Graphic by Lily Cowper/@lilycowper

Storm Daniel meets Libya’s fractured infrastructures and political landscape, revealing a calamity molded by natural and unnatural causes.

Last September, flooding caused by Storm Daniel swept away entire communities and led to  over 10,000 people reported dead in Libya.  However, is the environment the only factor to blame? Libya’s tumultuous political landscape shows that this catastrophe was only partly due to the environment. The alarming death toll stems from the convergence of politics and climate change.

The heavy rain and flooding in the eastern part of Libya were brought by medicanes, which are a result of low pressure areas in the Mediterranean Sea that convert into tropical cyclones. While Storm Daniel set meteorological records in Africa, the collapse of two major dams only intensified the consequences of this natural disaster. These vital infrastructures had not been maintained since 2002.

Within those dam cracks lies the story of a state marked by a decade of civil war and NATO’s military intervention.  
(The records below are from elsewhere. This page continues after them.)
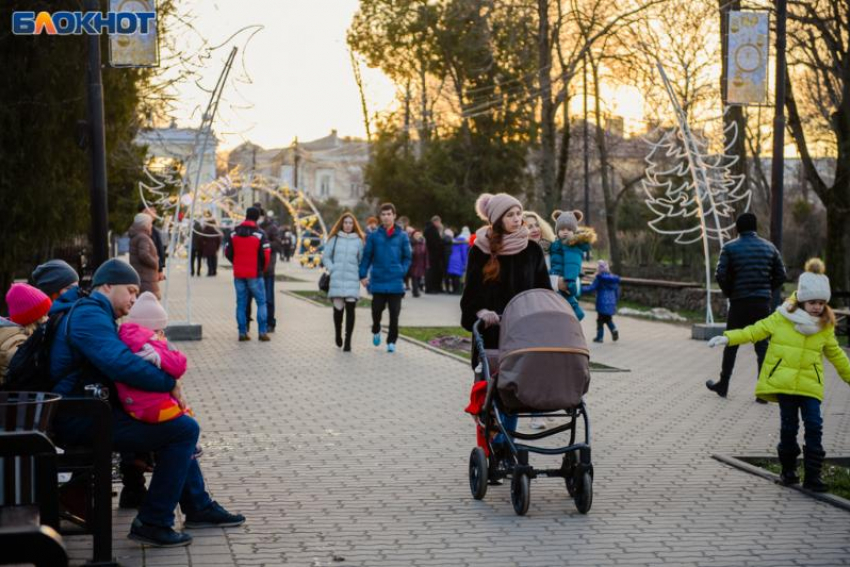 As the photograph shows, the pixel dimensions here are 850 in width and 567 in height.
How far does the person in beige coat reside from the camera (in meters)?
14.8

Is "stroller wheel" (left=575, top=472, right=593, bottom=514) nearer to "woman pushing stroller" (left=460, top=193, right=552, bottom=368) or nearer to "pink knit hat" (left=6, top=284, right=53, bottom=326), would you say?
"woman pushing stroller" (left=460, top=193, right=552, bottom=368)

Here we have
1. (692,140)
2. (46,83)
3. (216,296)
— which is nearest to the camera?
(46,83)

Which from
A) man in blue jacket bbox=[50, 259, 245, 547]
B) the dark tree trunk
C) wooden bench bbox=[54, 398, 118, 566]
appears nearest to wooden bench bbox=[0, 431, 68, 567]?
wooden bench bbox=[54, 398, 118, 566]

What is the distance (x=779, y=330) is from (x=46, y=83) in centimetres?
1154

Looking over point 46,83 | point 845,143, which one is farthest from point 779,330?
point 845,143

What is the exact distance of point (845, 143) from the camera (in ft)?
77.9

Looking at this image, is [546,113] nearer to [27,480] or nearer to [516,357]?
[516,357]

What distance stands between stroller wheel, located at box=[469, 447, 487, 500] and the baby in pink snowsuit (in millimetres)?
1989

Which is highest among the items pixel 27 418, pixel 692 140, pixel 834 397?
pixel 692 140

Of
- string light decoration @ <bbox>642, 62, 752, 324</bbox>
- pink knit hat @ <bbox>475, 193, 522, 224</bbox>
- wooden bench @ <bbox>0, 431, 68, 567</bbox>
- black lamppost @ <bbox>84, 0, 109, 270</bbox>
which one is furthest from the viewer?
string light decoration @ <bbox>642, 62, 752, 324</bbox>

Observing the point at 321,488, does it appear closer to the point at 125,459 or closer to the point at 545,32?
the point at 125,459

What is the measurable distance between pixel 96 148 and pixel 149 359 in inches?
305

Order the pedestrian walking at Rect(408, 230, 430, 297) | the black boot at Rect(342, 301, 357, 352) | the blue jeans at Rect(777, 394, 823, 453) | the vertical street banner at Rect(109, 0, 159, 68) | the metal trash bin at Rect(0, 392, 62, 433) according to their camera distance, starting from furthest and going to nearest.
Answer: the pedestrian walking at Rect(408, 230, 430, 297), the black boot at Rect(342, 301, 357, 352), the vertical street banner at Rect(109, 0, 159, 68), the blue jeans at Rect(777, 394, 823, 453), the metal trash bin at Rect(0, 392, 62, 433)

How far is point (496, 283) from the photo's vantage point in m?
7.56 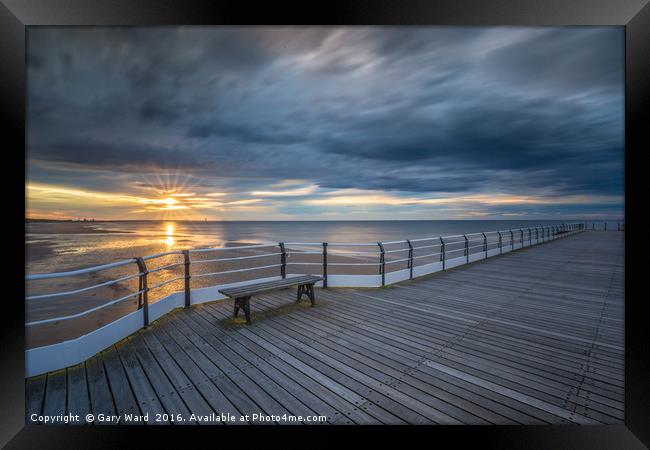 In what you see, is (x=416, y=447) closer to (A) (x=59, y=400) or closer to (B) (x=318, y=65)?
(A) (x=59, y=400)

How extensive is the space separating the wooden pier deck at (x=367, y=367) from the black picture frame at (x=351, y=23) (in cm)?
13

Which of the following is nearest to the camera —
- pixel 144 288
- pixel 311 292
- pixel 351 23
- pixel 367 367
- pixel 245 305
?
pixel 351 23

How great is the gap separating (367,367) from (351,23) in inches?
129

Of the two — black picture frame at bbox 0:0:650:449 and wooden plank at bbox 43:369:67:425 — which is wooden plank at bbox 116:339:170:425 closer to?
black picture frame at bbox 0:0:650:449

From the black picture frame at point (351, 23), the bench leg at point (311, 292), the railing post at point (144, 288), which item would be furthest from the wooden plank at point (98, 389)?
the bench leg at point (311, 292)

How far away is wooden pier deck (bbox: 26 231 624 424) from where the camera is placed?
7.09 ft

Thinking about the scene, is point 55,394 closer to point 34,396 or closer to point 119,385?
point 34,396

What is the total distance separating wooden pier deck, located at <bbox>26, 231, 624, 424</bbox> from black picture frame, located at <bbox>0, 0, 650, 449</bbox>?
0.42 ft

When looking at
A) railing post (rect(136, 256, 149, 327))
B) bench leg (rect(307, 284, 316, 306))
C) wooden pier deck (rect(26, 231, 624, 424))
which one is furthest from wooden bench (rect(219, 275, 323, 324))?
railing post (rect(136, 256, 149, 327))

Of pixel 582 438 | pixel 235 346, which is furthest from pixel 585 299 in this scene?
pixel 235 346

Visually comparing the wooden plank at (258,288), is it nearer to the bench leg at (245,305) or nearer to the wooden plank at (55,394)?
the bench leg at (245,305)

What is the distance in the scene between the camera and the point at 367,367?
2723mm

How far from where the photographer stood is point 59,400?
2256 millimetres

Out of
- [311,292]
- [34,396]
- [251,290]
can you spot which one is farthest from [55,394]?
[311,292] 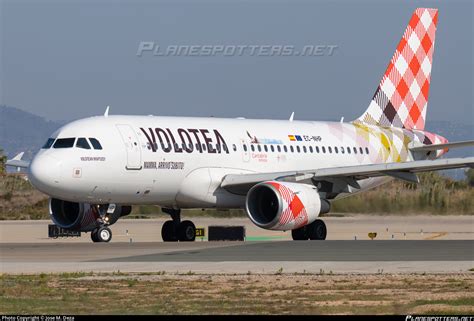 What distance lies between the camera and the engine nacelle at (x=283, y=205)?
36.8 meters

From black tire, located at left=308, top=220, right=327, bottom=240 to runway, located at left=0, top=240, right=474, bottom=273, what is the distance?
4970mm

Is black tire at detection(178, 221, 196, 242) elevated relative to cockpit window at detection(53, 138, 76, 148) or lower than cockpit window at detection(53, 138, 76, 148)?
lower

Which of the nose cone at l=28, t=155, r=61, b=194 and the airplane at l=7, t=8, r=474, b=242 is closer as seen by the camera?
the nose cone at l=28, t=155, r=61, b=194

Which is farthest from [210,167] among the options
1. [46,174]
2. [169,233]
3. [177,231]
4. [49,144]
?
[46,174]

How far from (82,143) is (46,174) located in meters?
1.78

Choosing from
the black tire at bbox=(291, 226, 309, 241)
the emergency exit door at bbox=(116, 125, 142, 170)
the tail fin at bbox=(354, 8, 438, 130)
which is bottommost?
the black tire at bbox=(291, 226, 309, 241)

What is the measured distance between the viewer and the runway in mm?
25516

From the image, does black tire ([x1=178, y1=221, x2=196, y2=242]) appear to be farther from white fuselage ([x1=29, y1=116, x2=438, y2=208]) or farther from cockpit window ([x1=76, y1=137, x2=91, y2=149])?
cockpit window ([x1=76, y1=137, x2=91, y2=149])

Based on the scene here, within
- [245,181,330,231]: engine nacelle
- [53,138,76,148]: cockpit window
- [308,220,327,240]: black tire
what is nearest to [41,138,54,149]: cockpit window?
[53,138,76,148]: cockpit window

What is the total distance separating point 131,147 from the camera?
37031 millimetres

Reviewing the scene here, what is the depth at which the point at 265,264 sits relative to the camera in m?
26.4

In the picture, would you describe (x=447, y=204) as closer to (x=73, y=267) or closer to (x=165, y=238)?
(x=165, y=238)

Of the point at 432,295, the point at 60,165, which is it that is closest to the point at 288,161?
the point at 60,165

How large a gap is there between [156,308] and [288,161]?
2486cm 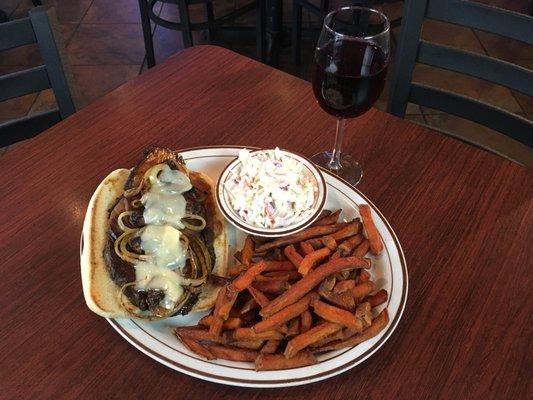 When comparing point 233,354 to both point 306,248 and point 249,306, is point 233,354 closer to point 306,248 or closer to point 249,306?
point 249,306

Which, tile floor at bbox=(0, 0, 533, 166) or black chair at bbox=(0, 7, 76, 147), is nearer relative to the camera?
black chair at bbox=(0, 7, 76, 147)

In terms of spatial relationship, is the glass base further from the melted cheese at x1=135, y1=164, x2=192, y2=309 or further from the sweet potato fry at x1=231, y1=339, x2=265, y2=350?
the sweet potato fry at x1=231, y1=339, x2=265, y2=350

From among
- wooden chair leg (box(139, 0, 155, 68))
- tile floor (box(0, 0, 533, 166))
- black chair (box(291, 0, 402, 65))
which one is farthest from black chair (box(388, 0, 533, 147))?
wooden chair leg (box(139, 0, 155, 68))

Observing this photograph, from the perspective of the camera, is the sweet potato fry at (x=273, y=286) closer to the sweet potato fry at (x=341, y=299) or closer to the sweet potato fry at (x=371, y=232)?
the sweet potato fry at (x=341, y=299)

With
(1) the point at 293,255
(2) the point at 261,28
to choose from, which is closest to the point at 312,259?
(1) the point at 293,255

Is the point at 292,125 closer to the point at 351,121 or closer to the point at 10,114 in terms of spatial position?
the point at 351,121

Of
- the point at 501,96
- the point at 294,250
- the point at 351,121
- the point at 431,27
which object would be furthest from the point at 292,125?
the point at 431,27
Libya was once the most prosperous country in Africa, with complimentary healthcare and education to all, assured housing for every citizen and subsidized access to electricity, water and gasoline. Notably, the nation recorded the highest life expectancy across the continent. 

Dictator Muammar Gaddafi led a socialist regime until 2011 when protests broke out. Armed forces firing into the crowd sparked a national uprising, prompting the United Nations’ approval for “all necessary measures” to protect civilians. This support, including a NATO bombing campaign backing the rebels, led to the overthrow of Gaddafi’s regime. In the wake of power vacuums, internal conflicts gained international support resulting in an influx of foreign weapons and a sequence of proxy wars.

The socio-political history of Libya holds a lot of mixed emotions. During Gaddafi’s era, it began with acknowledgements from the United Nations Human Rights Council recognizing improvements in the country’s human rights practices. This initial optimism was soon overshadowed by citizens looking to emancipate themselves from a regime that had been in place for over 30 years. Backed by NATO’s militia, they traded an unelected and corrupt regime for two rival governments battling for power and control of the country. 

The dam collapses are a mere fragment of the chaos resulting from Western-initiated regime change and the broader disorder post-Gaddafi. Public Water Commission experts warned the central infrastructure agency about the aging dams. Unfortunately, these warnings were overseen by corrupt authorities under Gaddafi-regime at the time. Amid a civil war, the Turkish company hired to repair the dams left the country, pocketing millions of dollars for preliminary work and leaving behind the dangerous dams and Derna’s population.

Libyan citizens caught between regional fissures and international intervention were victims of a political stalemate that only contributed to the latest catastrophe. After Storm Daniel, the residents of Derna mourn thousands of lives and hold onto the hope that their grief can serve as a unifying force for their nation.  

Were the floods solely an outcome of the environment? While Mother Nature played a part, Libyan citizens must endure the consequences of this failed state.